→ **Source information**
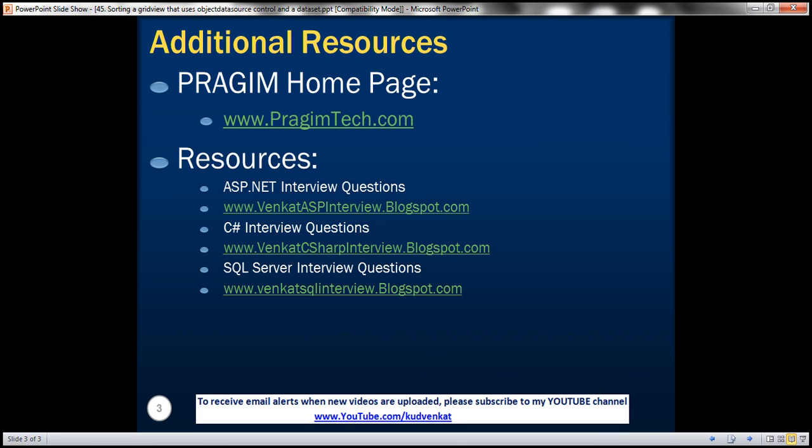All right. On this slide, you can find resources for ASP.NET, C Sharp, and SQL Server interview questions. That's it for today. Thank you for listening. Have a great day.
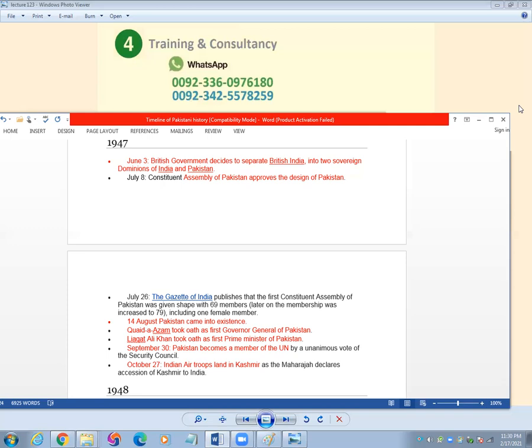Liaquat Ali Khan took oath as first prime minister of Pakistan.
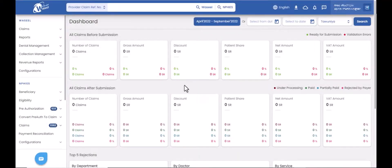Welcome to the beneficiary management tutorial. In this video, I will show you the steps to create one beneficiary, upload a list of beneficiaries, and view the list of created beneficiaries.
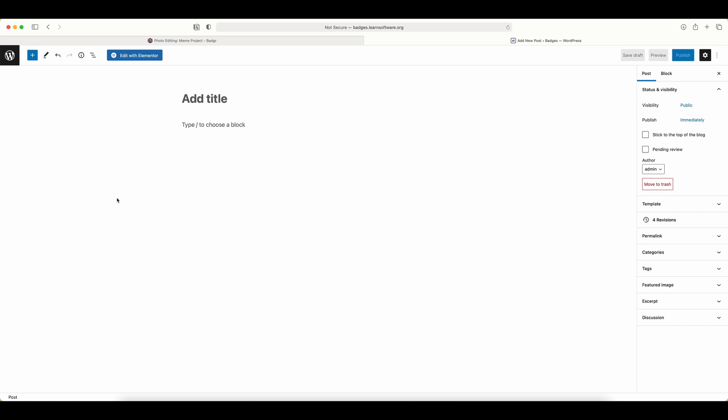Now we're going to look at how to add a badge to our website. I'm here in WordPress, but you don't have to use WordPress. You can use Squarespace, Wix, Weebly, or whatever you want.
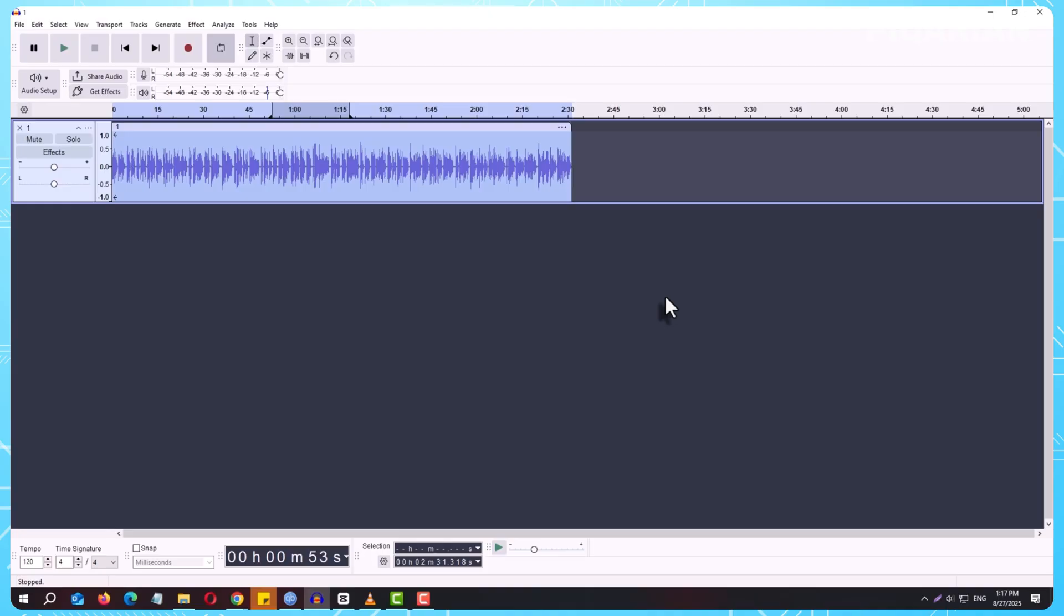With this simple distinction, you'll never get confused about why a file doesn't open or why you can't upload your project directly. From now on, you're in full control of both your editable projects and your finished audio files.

→ **The task**
Transcribe every record above in full. Pictures stay out of the copy.

→ **Response for this exercise**
All right. On this slide, you can find resources for ASP.NET, C Sharp, and SQL Server interview questions. That's it for today. Thank you for listening. Have a great day.
Liaquat Ali Khan took oath as first prime minister of Pakistan.
Welcome to the beneficiary management tutorial. In this video, I will show you the steps to create one beneficiary, upload a list of beneficiaries, and view the list of created beneficiaries.
Now we're going to look at how to add a badge to our website. I'm here in WordPress, but you don't have to use WordPress. You can use Squarespace, Wix, Weebly, or whatever you want.
With this simple distinction, you'll never get confused about why a file doesn't open or why you can't upload your project directly. From now on, you're in full control of both your editable projects and your finished audio files.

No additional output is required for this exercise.